#sextrafficking | Bank shares slide on report of rampant money laundering | #tinder | #pof | #match

The financial sector was hit hard Monday following a report alleging that a number of banks, JPMorgan, HSBC, Standard Chartered Bank, Deutsche Bank and Bank of New York Mellon among them, have continued to profit from illicit dealings with disreputable people and criminal networks despite previous warnings from regulators.

According to the International Consortium of Investigative Journalists, leaked government documents show that the banks continued moving illicit funds even after being warned of potential criminal prosecutions.

The report compounded a massive sell-off across global markets because of gloom and doom over COVID-19 infections and the economic damage from the pandemic.

The consortium reported that documents indicate that JPMorgan moved money for people and companies tied to the massive looting of public funds in Malaysia, Venezuela and the Ukraine. The bank also processed more than $50 million in payments over a decade for Paul Manafort, the former campaign manager for President Donald Trump, according to the documents, which are known as the FinCEN Files.

Shares of JP Morgan tumbled 4.4%.

The consortium’s investigation found the documents identify more than $2 trillion in transactions between 1999 and 2017 that were flagged by financial institutions’ internal compliance officers as possible money laundering or other criminal activity, and $1.3 trillion of that activity took place at Deutsche Bank. Shares of Deutsche Bank dropped 7.7%.

Deutsche Bank has been under scrutiny for years. The bank, based in Frankfurt, Germany, agreed to pay the state of New York $150 million to settle claims that it broke compliance rules in its dealings with the sex offender Jeffrey Epstein. Epstein killed himself last August in a Manhattan federal jail while awaiting trial on sex trafficking charges.

German newspaper Sueddeutsche Zeitung reported last year that Deutsche Bank gave expensive gifts to senior Chinese officials and hired family members of Chinese elite as it was trying to establish itself as a major player in China’s financial industry.

Also in 2019, German prosecutors indicted a 48-year-old former employee of Deutsche Bank as part of a probe into a massive tax evasion scam that’s led to more than a dozen prosecutions.
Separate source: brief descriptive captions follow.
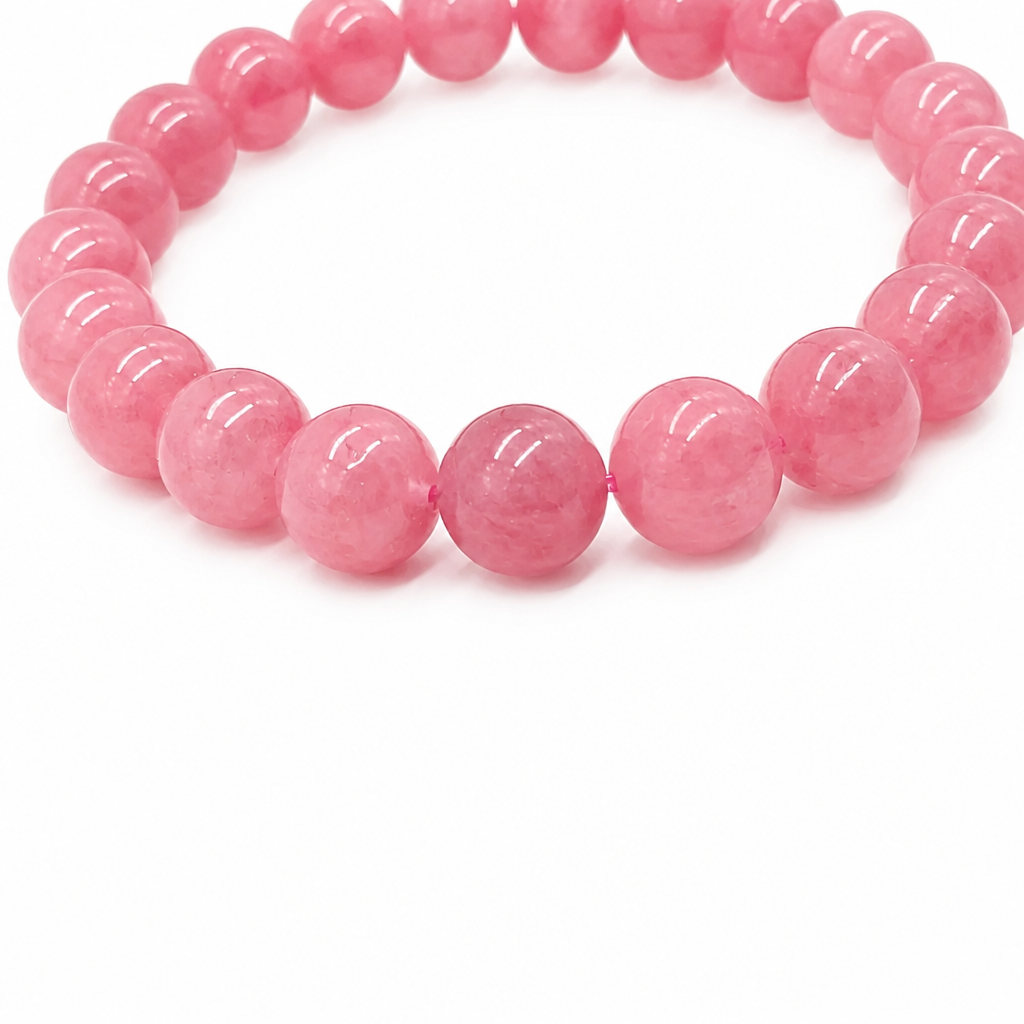 High-grade rhodonite bracelet shown from the side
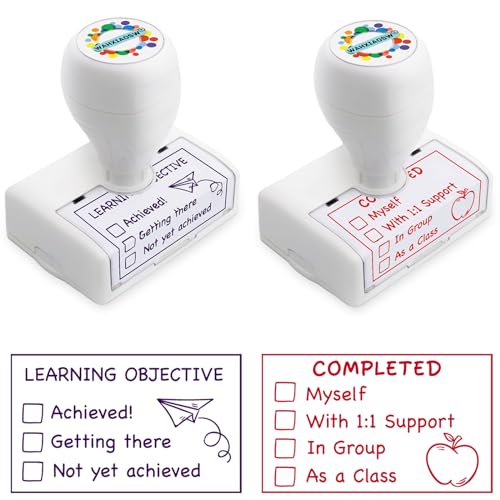 Happy Teaching Checkbox Grading Stamps - Teacher Gifts, Easy Grading, Improved Efficiency (Red+Purple)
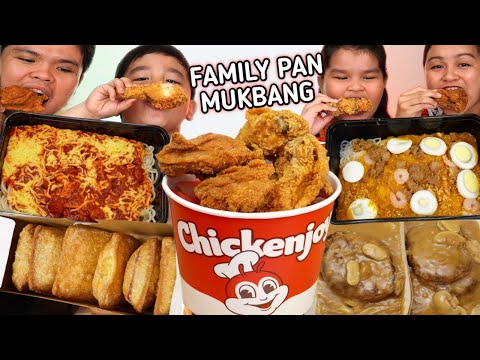 JOLLIBEE FAMILY PAN MUKBANG | SPAGHETTI PAN | CHICKEN JOY | PALABOK PAN | BURGER STEAK | SWEET PIES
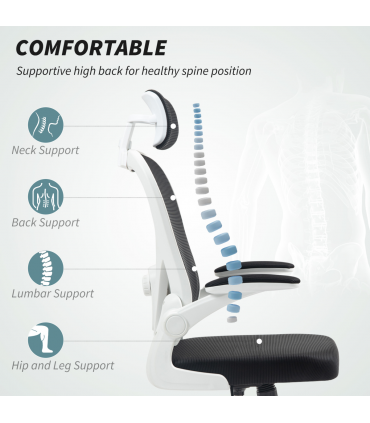 HOMCOM Executive Mesh Office Chair with Headrest, Lumbar Support, Black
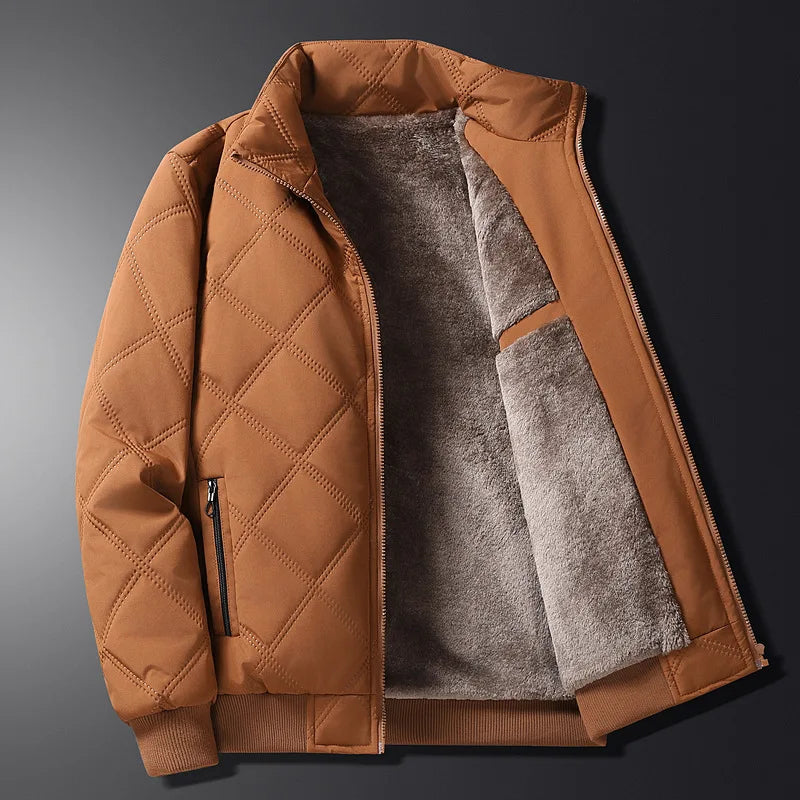 Men's Diamond-Quilted Jacket in Caramel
In 2018, German authorities raided Deutsche Bank’s headquarters on suspicions that its employees helped clients set up offshore companies that were used to launder hundreds of millions of euros. That case, spurred by the release of the Panama Papers, was settled in late 2019 for $16.6 million.

In the wake of the Epstein scandal, Deutsche Bank said it had invested almost $1 billion to improve its training and controls and had boosted its staff overseeing the work to more than 1,500 employees “to continue enhancing our anti-financial crime capabilities.”

For years, Deutsche Bank has wrestled with regulatory penalties and fines, high costs, weak profits and a low share price. The bank went three straight years without turning an annual profit before recording positive earnings of 341 million euros for 2018.

The London Bank HSBC, Europe’s largest acknowledged in 2012 that it had laundered at least $881 million for Latin American drug cartels. However, according to the report, HSBC continued to manage money for sordid clients, including suspected Russian money launderers and a Ponzi scheme under investigation in multiple countries.

Shares of HSBC, already down more than 50% this year, slumped to levels not seen in more than two decades Monday.